I went to this film to visit the AFI Silver Theater in the D.C.
suburbs for the first time, and at the beginning I expected a spectacular
travelogue of kind my cousin and I used to draw as filmstrips as boys.
Indeed, the city of Lhasa
and the surrounding rural society reminded one, according to looks, almost of
a set from The Lord of the Rings. Quickly, the film turned into a
passionate political and ethical sonata.
Before the encroachment of China,
Tibetan society had been a treasured dominion for centuries, whose ruler was
chosen on the basis of spiritual evidence of reincarnation (as compared to
salvation through grace and resurrection in Christianity).

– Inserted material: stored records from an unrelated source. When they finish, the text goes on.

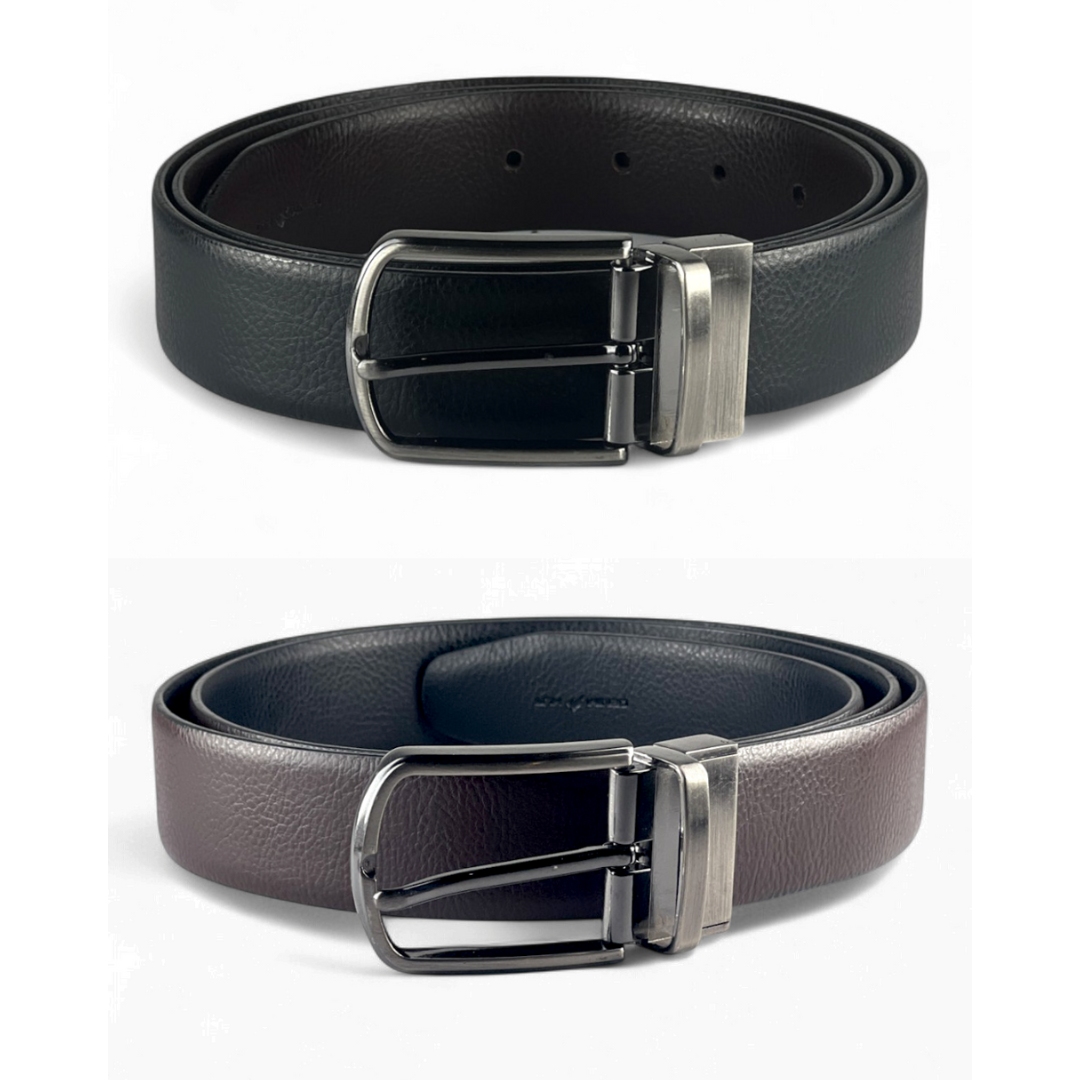 Verto Grain Reversible Belt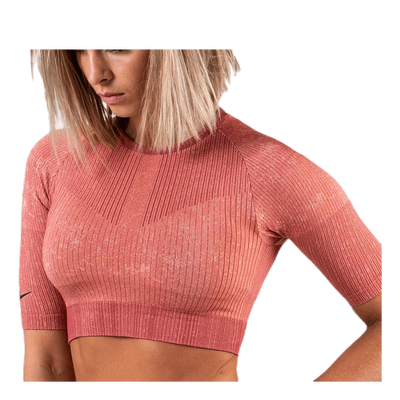 City Ready Knit Top Pink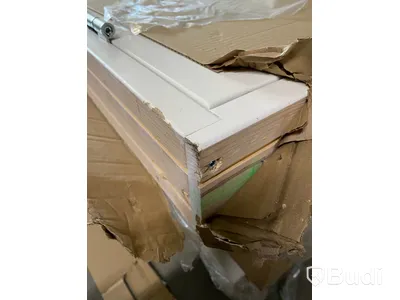 BRAND & LJUDDÖRR SOLID ELEMENTS YSTAD 10X21 VIT - HÖGER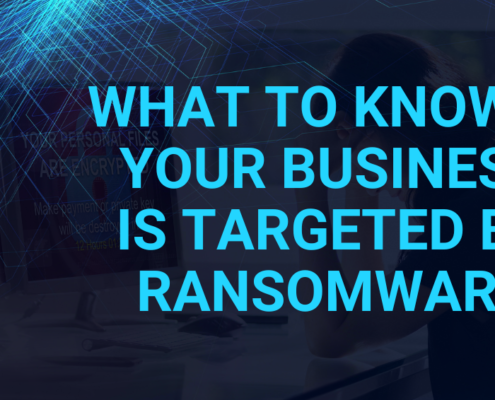 What to know Ransomware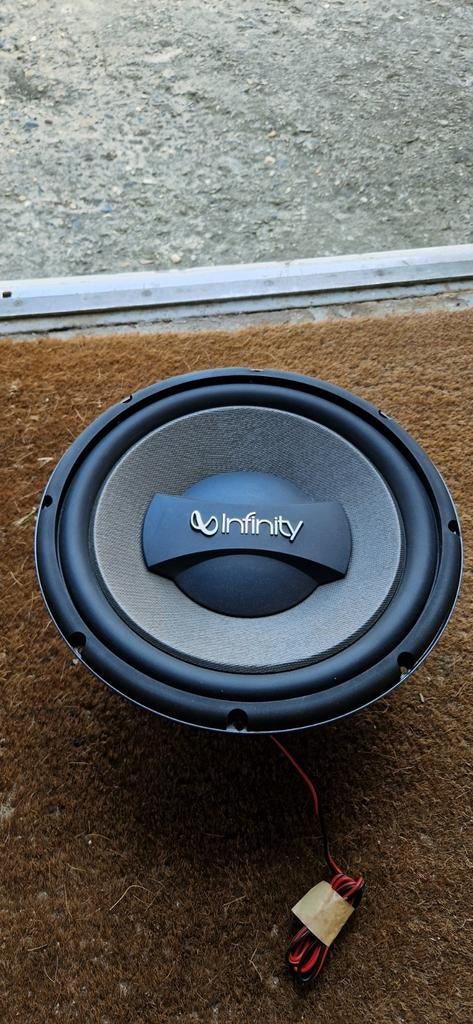 Infinity Kappa 122.7w Sub - 12 inch subwoofer, Audio, Tv en Foto, Luidsprekers, Ophalen, 120 watt of meer, Subwoofer, Overige merken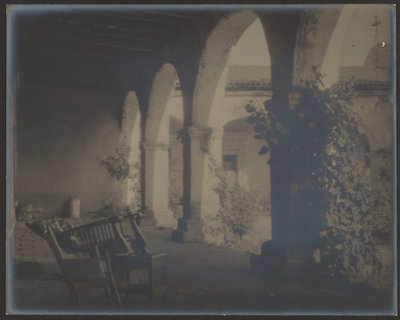 Mission Arches by Louis Fleckenstein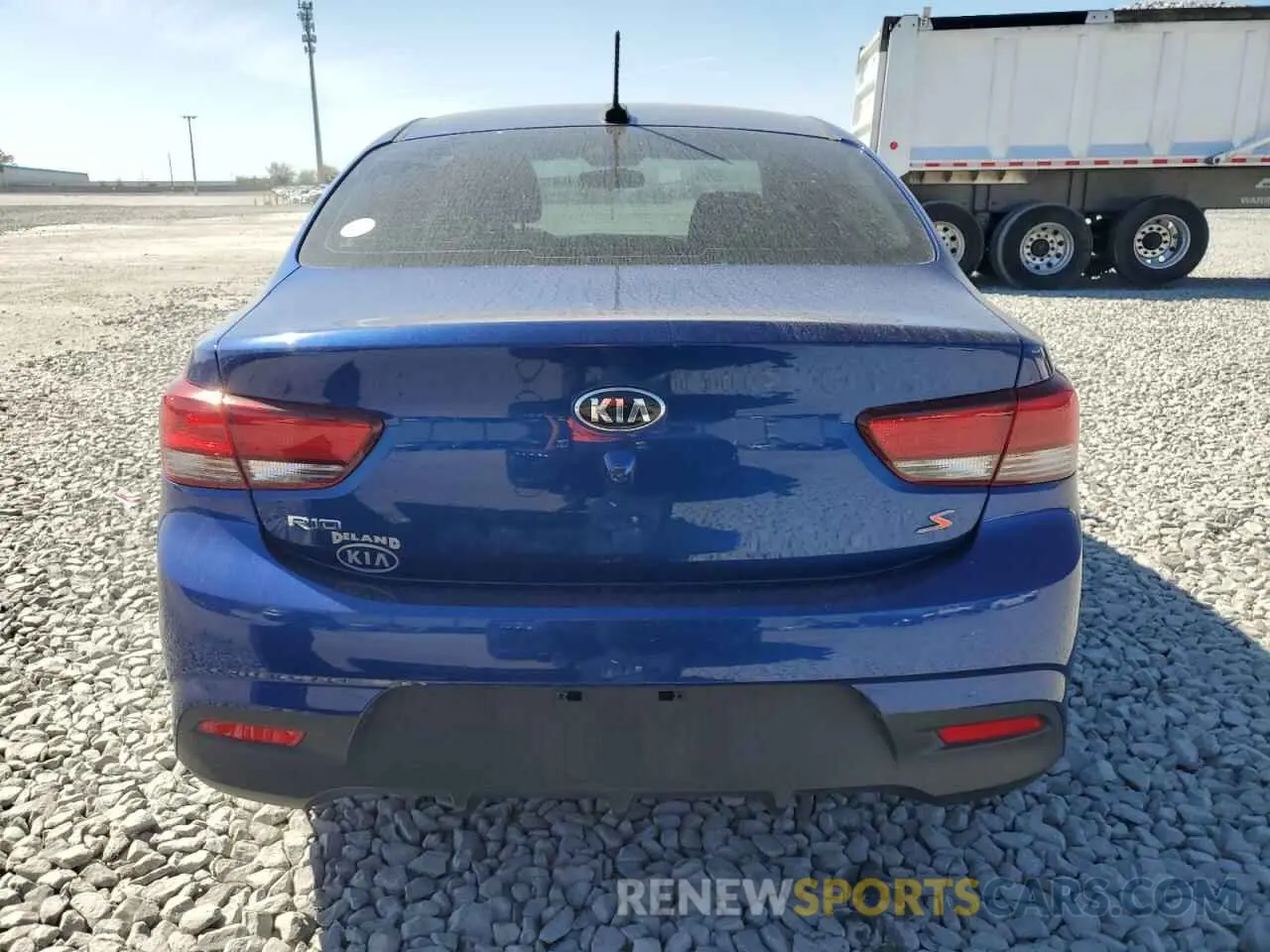 6 fotografías del automóvil dañado 3KPA24AB2KE217985 KIA RIO 2019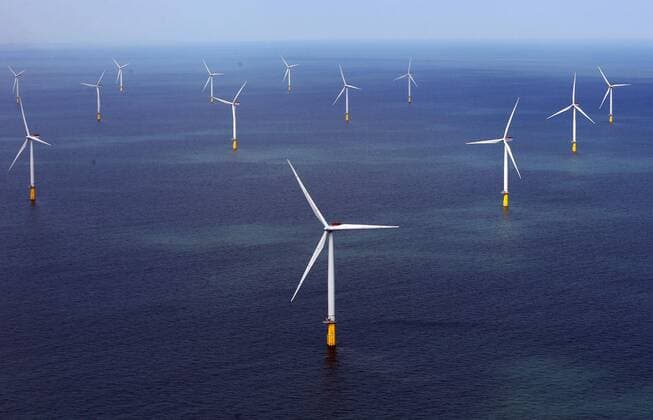 London Array Offshore Wind Farm Ceremonially Opened, 10th Anniversary on 4 July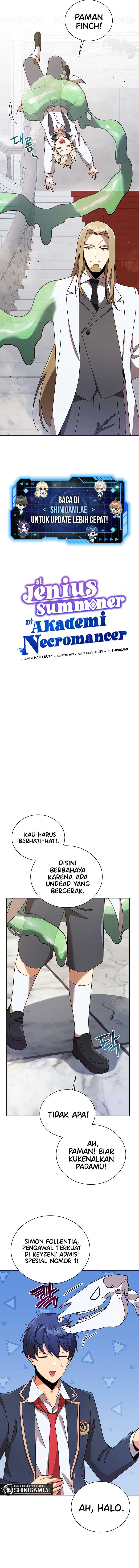 Necromancer Academy’s Genius Summoner Chapter 89 Image 6
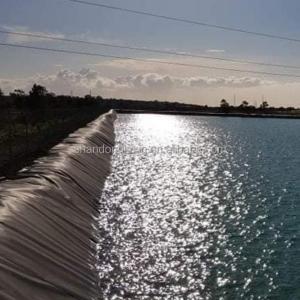Project Solutions Prefabricated Pond Liner Roughened Geomembrane 1.50mm 2mm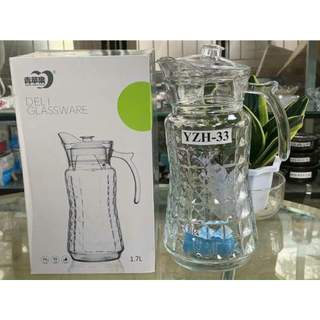 Bình đựng nước thủy tinh 1.7 lít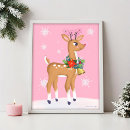 Search for christmas reindeer art Snowflakes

A theocracy, in
some sense it was authoritarian, with peasants serving the needs of monks,
and yet the people by all accounts were much happier than in many other
religious societies.
Communist China, then, could use ideology as an excuse to
impose the redistribution of wealth, and then the Maoist Cultural Revolution,
and pillage the country, but as much out of a need for political supremacy in
Asia as from social ideology. One aim was to destroy
any remnants of Tibetan quasi-independence. (Tibet,
for example, used to mint its own currency, and Tibetans are totally separate
by ethnicity and language from the Chinese.) The Dalai Lama would flee in
1959. The American CIA
would try to aid the Tibetans until it was no longer politically advantageous
(when opposing the Soviet Union became a higher
priority). Today, as China
gradually becomes quasi-capitalist, it still insists on instilling Chinese
culture in Tibet
and giving jobs to Chinese resettlers, under the
rubric of “modernization.” Given all of China’s
moralism, it seems ironic that Lhasa now has a red light
district of over 90 establishments set up to entertain Chinese soldiers and
workers.
Of course, one feels that the Tibetans are the heroes and
the Chinese are the villains here, but things are not so simple. Even before,
individuals in Tibet
probably did not enjoy “individual rights” and economic opportunity as we
know it, even if they believed that they lived in a spiritual utopia. And as
for China, we
are really not sure today what its ideology really is as it tries to appeal
to business to come over to make money. Its record on human rights still
seems greatly wanting, a moral issue for this country as it exports jobs to China
and buys inexpensive goods and services from China.
Wal-Mart was mentioned at least once in the film.
Will larger and more commercial film companies and studios
buy or produce films like these? There were several cameo appearances and
credits from stars, such as Harrison Ford and Jon Voigt.